If émigré literature produced just Poplavsky alone, that would already be enough to exonerate it in all future trials. (writer Dmitry Merezhkovsky)
Poplavsky’s talent was universally recognized in Russian émigré circles, where Boris was kind of an enfant terrible: a God-seeker and God-denier who flirted with death, always sporting sunglasses.
He never took off his sunglasses, so he didn’t have a gaze. (writer and memoirist Nina Berberova)
In Istanbul, seventeen-year-old Poplavsky joins the Tsargrad Poets’ Guild. In his first years in Paris, he considers himself an artist, attends the famous art academy, and goes to Berlin to master the craft of portrait painting. But his passion for literature and reflection leads him to the Faculty of Philosophy at the Sorbonne. A regular in Montparnasse, an essential part of its landscape, Boris Poplavsky went all-in — and decided that being a penniless clochard was better than being an unskilled laborer without the energy and time for literature. So he was desperately poor and wrote a lot. He was often seen waiting in line for unemployment benefits.
Poplavsky’s daily budget was seven francs, three of which he gave to his friend. Dostoevsky was to Poplavsky what Rockefeller is to me. (poet Vladislav Khodasevich)
Outwardly, Boris Poplavsky’s career was flourishing. His poetry and prose regularly appeared in the émigré press — the first few chapters of his novel Apollon Bezobrazov were printed in an émigré magazine. Flags, his first poetry collection, was a major event. But his personal and private life was on the brink of catastrophe. Poplavsky drove himself to nervous breakdowns with fanatical prayer vigils, binge-drinking, and fights; he would fall madly in love and scold himself fervently for the weakness of body and spirit. Like most Russian emigrants, Poplavsky sought an outlet for his anguish over Russia:
...if Russia does go past individuality and freedom (that is, past Christianity with God, or without God), we will never return to Russia, and eternal love will then be in eternal conflict with Russia...
One young man, determined to commit suicide, decided out of cowardice to take his associate with him — which happened to be Boris Poplavsky. He died of a drug overdose at his creative peak at the age of thirty-two.
Together with him went silent that last wave of music which, out of all his contemporaries, he alone would hear. And within the literary arguments, which he would often become caught up in, would typically be hidden a singular inextinguishable misunderstanding which would separate him from his conversational companions: he spoke about poetry, while they went on about how to write poems. (writer Gaito Gazdanov)
On a summer day over the white pavement
Japanese lanterns were hanging.
The trumpet voice mumbled over the boulevards,
on big poles the flags were dreaming.
It seemed to them that somewhere the sea was close,
and along them a wave of heat was running,
the air slept, not seeing dreams as Lethe.

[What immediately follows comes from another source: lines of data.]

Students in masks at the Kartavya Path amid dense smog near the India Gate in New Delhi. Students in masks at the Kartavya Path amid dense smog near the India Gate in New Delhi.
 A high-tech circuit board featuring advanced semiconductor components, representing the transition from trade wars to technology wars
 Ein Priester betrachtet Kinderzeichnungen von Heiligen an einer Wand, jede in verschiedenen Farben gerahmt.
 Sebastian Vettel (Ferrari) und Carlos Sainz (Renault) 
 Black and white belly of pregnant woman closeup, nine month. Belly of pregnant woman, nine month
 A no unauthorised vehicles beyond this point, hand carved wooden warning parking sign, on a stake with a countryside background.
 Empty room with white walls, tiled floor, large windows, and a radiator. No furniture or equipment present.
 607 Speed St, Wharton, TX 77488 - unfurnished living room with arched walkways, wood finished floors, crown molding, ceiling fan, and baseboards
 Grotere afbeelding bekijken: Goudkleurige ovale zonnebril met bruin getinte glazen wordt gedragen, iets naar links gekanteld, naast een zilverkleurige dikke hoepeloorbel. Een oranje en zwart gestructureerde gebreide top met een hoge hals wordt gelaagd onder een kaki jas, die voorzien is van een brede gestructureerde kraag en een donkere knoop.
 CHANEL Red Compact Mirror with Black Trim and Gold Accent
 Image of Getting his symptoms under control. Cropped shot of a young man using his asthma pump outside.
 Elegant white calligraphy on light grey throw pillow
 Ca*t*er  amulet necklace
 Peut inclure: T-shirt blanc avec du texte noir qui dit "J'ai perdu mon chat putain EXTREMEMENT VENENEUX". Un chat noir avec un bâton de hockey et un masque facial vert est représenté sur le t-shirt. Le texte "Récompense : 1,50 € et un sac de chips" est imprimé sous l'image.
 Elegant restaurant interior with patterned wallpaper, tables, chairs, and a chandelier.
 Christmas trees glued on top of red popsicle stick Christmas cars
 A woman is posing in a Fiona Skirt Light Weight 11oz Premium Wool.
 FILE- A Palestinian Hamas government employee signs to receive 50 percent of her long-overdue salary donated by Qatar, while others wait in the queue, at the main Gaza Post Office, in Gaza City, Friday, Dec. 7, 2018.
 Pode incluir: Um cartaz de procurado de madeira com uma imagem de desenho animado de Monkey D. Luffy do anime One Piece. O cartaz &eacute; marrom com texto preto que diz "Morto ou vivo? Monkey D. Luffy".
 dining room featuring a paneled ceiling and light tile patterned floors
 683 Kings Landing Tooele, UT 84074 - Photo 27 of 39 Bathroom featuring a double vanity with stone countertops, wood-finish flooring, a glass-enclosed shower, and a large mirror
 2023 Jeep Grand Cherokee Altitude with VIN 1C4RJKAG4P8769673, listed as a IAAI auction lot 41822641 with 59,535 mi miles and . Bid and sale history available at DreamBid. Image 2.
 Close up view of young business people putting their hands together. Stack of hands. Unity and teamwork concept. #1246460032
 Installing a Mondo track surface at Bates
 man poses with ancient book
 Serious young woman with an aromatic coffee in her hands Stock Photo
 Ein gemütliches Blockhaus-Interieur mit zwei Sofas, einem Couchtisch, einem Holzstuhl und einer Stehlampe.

Pity of the flags overshadowed us.
The boat’s frame appeared to them
Black smoke that tenderly flew away,
and a prayer over the boundless wave
of the ship’s music on Christmas Eve.
The quick flight on the mast in the ocean,
the noise of salutes, the cry of black sailors,
and the enormous lowering down over anchors
in the hour of the fall of the body in mourning clothes.
First the flag glistens over the horizon
and cheerfully whirls to the flashes of cannons
and last of all sinks among the debris
and still with a wing beats about the water.
Like the soul, which leaves the body,
like my love for You. Answer me!
How many times did you wish on a summer’s day
to wrap yourself up in a flag and die.